I left a long running query over the weekend, and it's hanging at around 9%. I noticed compactor errors and warnings indicating issues with Amazon S3, such as remote storage error streaming_read_read_bytes
and Failed to vacuum task: ObjectStore failed with IO error s3 error
. Additionally, I observed that the hummock is getting disconnected frequently, and my materialized view (MV) throughput has effectively decreased to zero since the errors started. I'm using the docker-compose (with-s3) testbed from the RisingWave git repository for this proof of concept project. I've also noticed a high number of 'in-flight' barrier messages but can't identify why my container would have issues reaching S3. Can you help me resolve these issues and get my query and compaction back on track?
Dominic Lindsay
Asked on Oct 09, 2023
From the discussion, it seems like the compactor is having trouble reading from S3, affecting read performance and causing the entire stream to get stuck.

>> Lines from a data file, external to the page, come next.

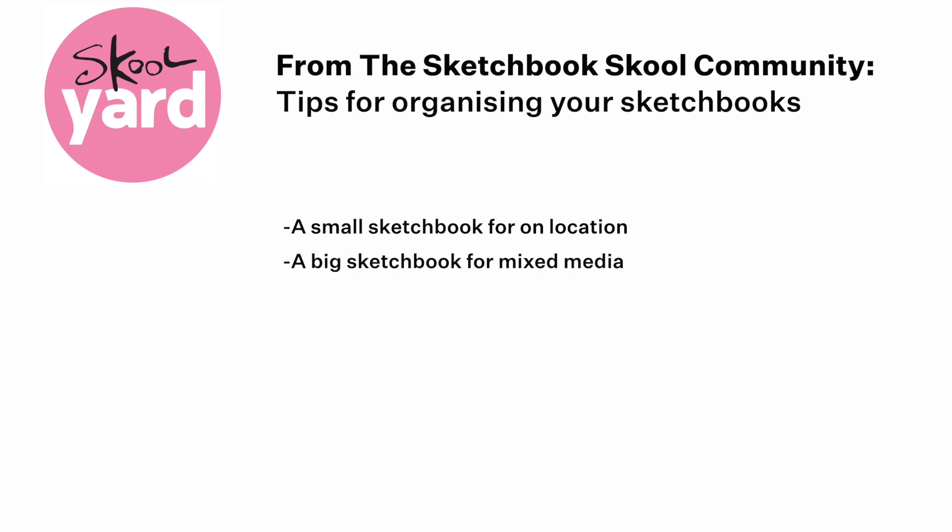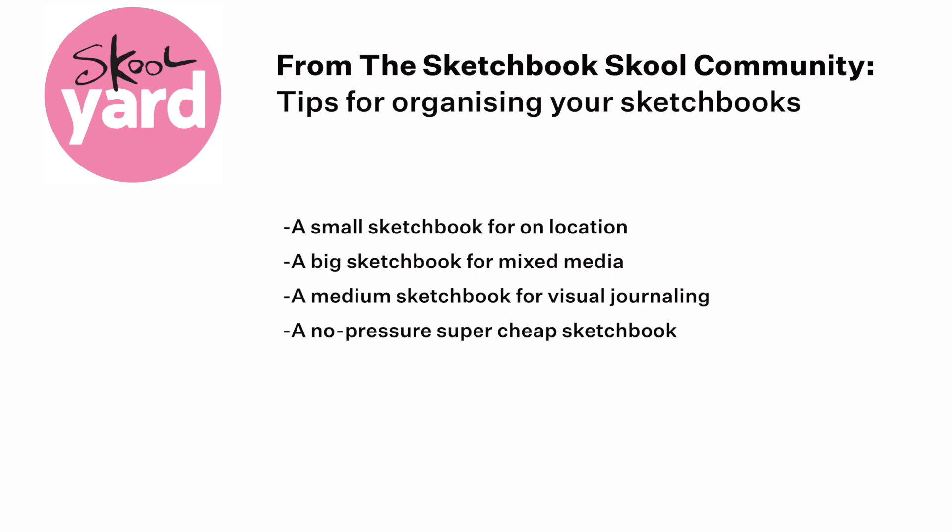A big sketchbook for mixed media, a medium sketchbook for visual journaling, a super cheap sketchbook with very bad paper for those days that you're feeling a little insecure and you don't want to mess up your good sketchbook pages.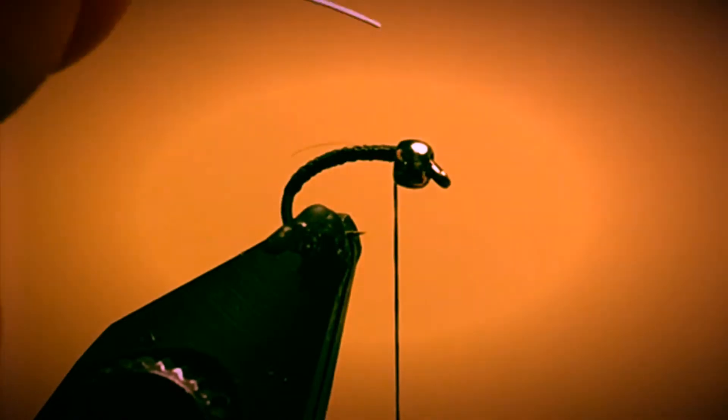Now for the segmentation on this fly, I'm going to use a small piece of silver wire. I'm going to take that silver wire and place it in, just tucking it underneath the bead. Then I'm going to capture it with a couple of loose wraps of my thread and then pull tight. I'm going to keep it on the far side of the hook and wrap this wire in with touching wraps all the way back deep into the bend, then wrap back up all the way to the bead.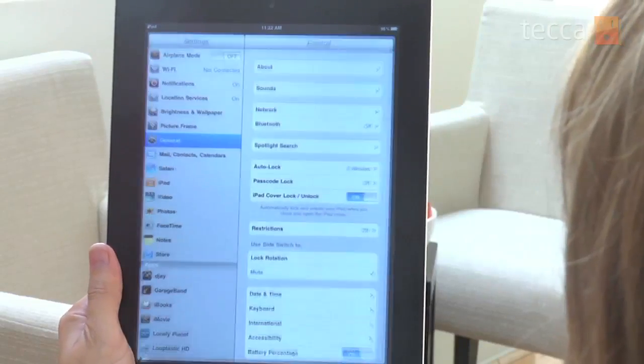So what we're going to do is fire up our iPad and go to Settings. It's the icon that looks gray with a gear in front of it, and we're going to tap on that.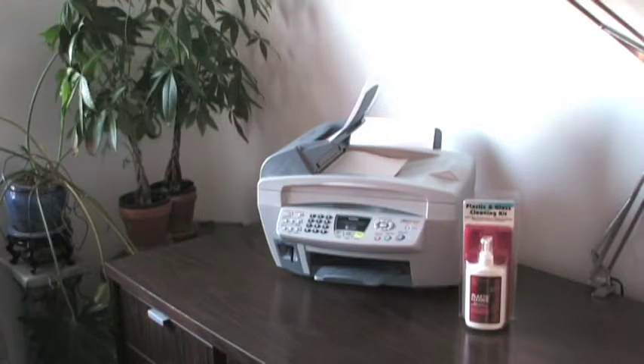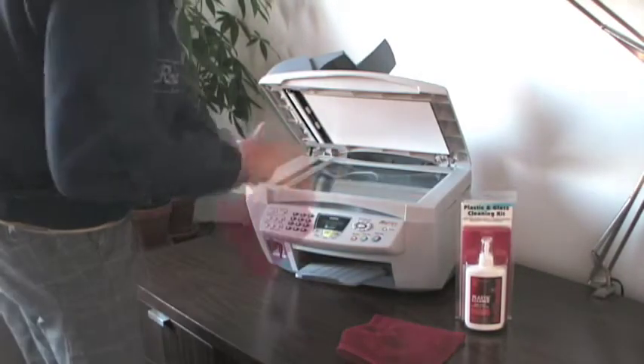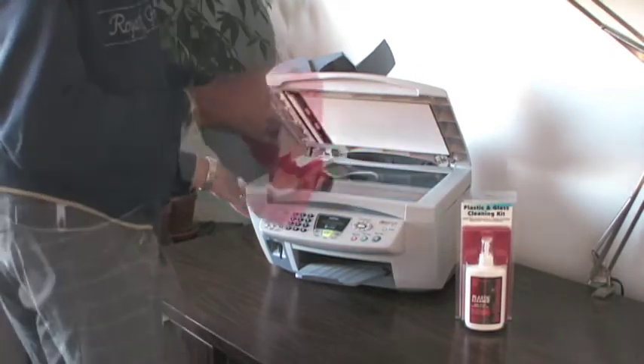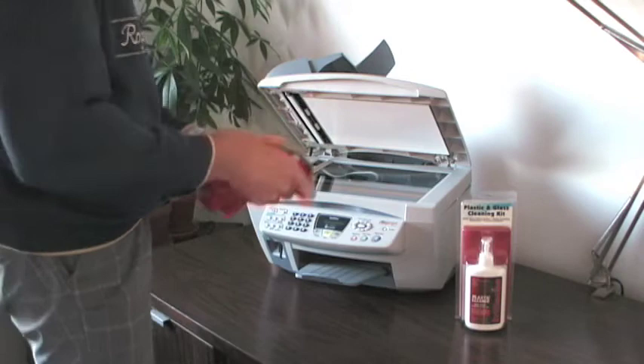Use BrilliantEyes to improve the performance of your scanner or photocopier. BrilliantEyes protects the paper path with an anti-static finish to reduce friction. Spray the scanner glass and wipe to remove dust, dirt, and fingerprints.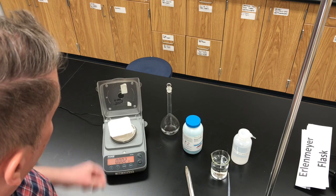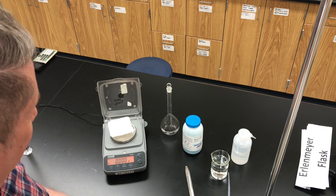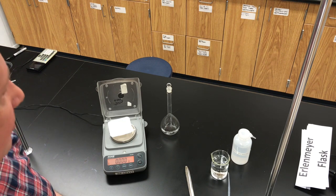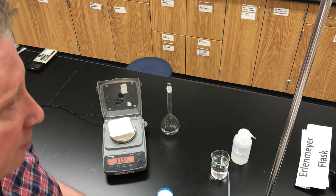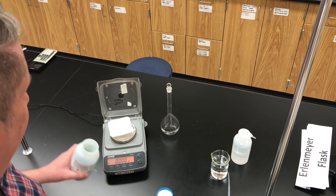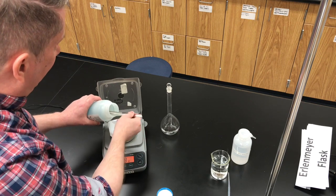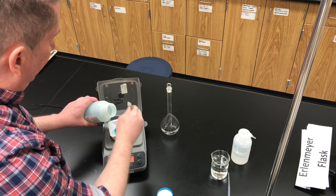I'm going to put the weighing boat on the balance and zero the balance so it ignores the mass of the weighing boat and shows zero. This is a milligram balance, so it goes to three decimal places. To prepare our solution with 0.200 molarity — that's three significant digits — we're going to use 13.1 grams. The two digits after the first decimal place I'm not really that interested in; we just have to be at 13.1 and anything very close to that.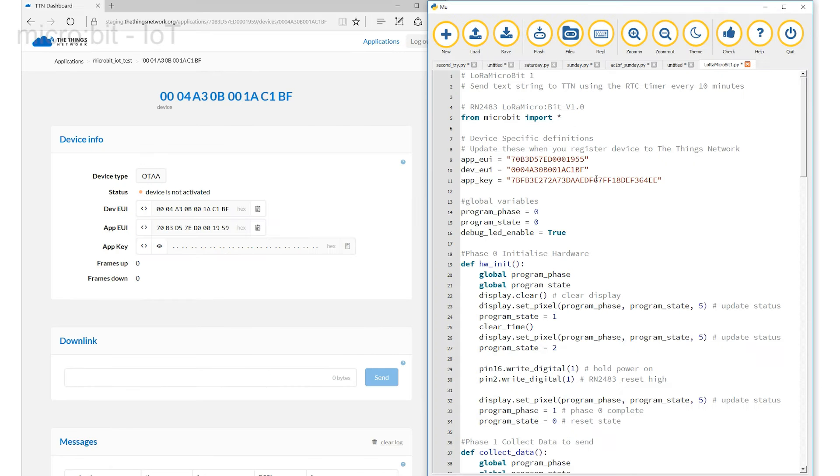If we split the screen we will see the code on the right and the things.net page on the left. Here at the top of the code are three references labelled AppEUI (the application end user interface), DevEUI (the device end user interface), and the AppKey (the application's key). The first identifies your application from amongst all of those using the Things Network, and the next uniquely identifies your device. The application key is the 128-bit number used to encode all of the data carried in your link across the system. I've left the default values in the code to show you what the code values should look like, but these have to be overwritten with the three values shown on the web page.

This could be due to insufficient compaction resources, leading to a pile-up of uncompacted files. It's recommended to upgrade all components to the latest image, as there have been fixes related to compaction. Additionally, increasing the number of CPU cores on the compactor and adjusting compaction configurations might help. Running the ./risingwave/bin/risingwave ctl trace
command on the compute node can help determine the location of the stuck process. Monitoring the Grafana dashboard for Hummock (Read)
, Hummock (Write)
, Compaction Failure Count
, and Write Stop Compaction Groups
can provide insights into the compaction process and whether it's functioning properly. If the write has been stopped, checking the Write Stop Compaction Groups
under Hummock Manager
in Grafana and sharing the result of select * from rw_hummock_compaction_group_configs;
can help identify config tweaks to accelerate compaction. If the cluster was created with an old image, there might be stale config entries that need updating. Finally, enabling emergency compaction by running specific commands in the meta node bash might resolve the issue if the write is throttled.